If you don’t already have a reason to quit, consider the following:

  • Cigarettes contain 70 different chemicals that are known to cause cancer.
  • 100 Canadians die every day from a smoking-related illness.
  • If helping yourself isn’t sufficient motivation, consider that 800 non-smokers die every year from exposure to second-hand smoke.
  • One hour after your last cigarette, you start to get the benefits of quitting.

It’s really incredible how quickly the human body can repair itself if we only give it the chance. Once you quit, it only takes one day before your risk of heart attacks starts to drop. After a month, you should notice improved lung function. After a year, your risk of heart disease will be reduced by half and will continue to drop after that. Ten years after quitting, your risk of lung cancer will be cut by half as well.

Twenty years after quitting, your risk of dying from a smoking-related illness is the same as someone who never smoked.

Quitting smoking will allow you to live longer, have more energy, enjoy your favourite smells and flavours and save anywhere from $1,500 to $5,000 a year.

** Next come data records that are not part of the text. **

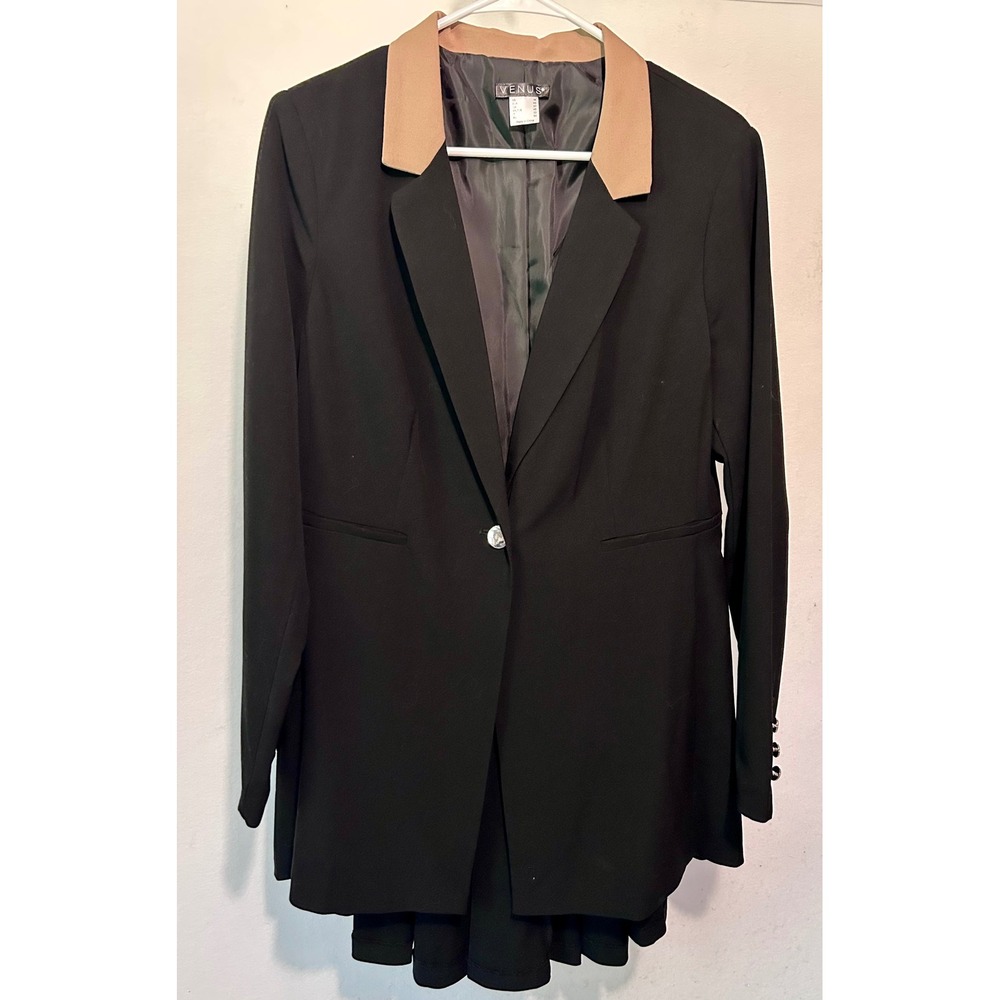 Venus Black Contrast Collar Pleated Peplum Blazer Jacket Womens 14 Z53518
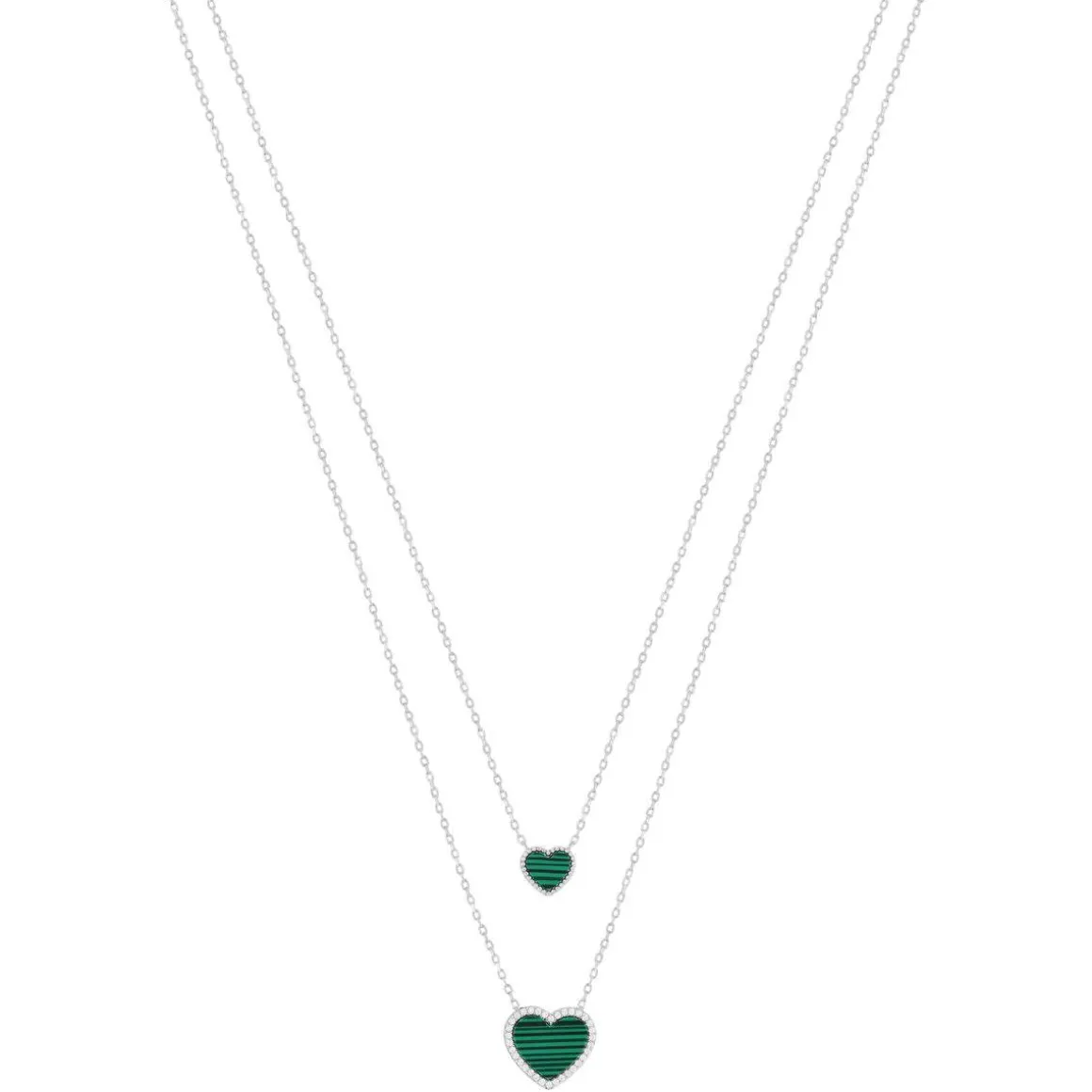 Collier argent 925 malachites et zirconias 40cm motif coeur
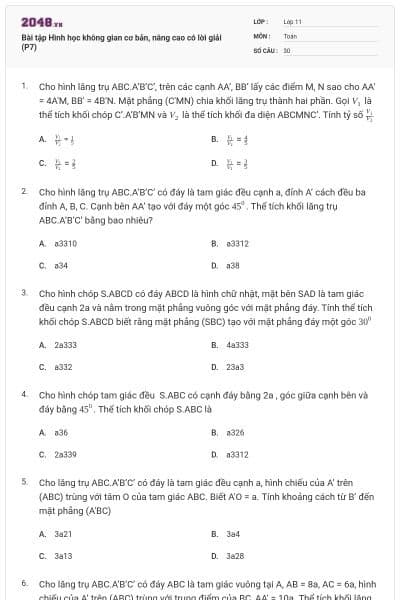Bài tập Hình học không gian cơ bản, nâng cao có lời giải (P7)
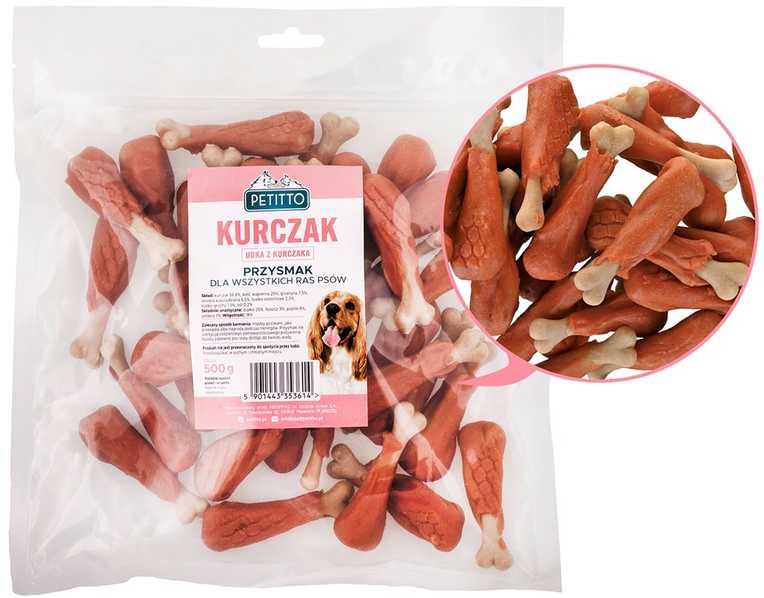 PETITTO - Udka su vištiena -Skanėstas šuniui - 500g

It’s really one of the best gifts you can give yourself.

But you need to be aware that it won’t be easy. Nicotine is highly addictive, and most people try to quit at least 8 times before they’re able to quit for good. It’s important not to get discouraged, and to take advantage of the help that’s available. There are a number of prescription and non-prescription medications that can help you curb your urges to smoke, and studies show that using one of these quitting aids doubles your chances of quitting for good.

              Read: Prevention is your best weapon against cancer

If you really want to quit, your first step should be to talk to your doctor or pharmacist. They will be able to advise you on the various medications that can help you quit, and direct you to support groups in your area.

There’s no reason why 2020 can’t be the year you finally get healthy. Every journey starts with a first step. Time to get started.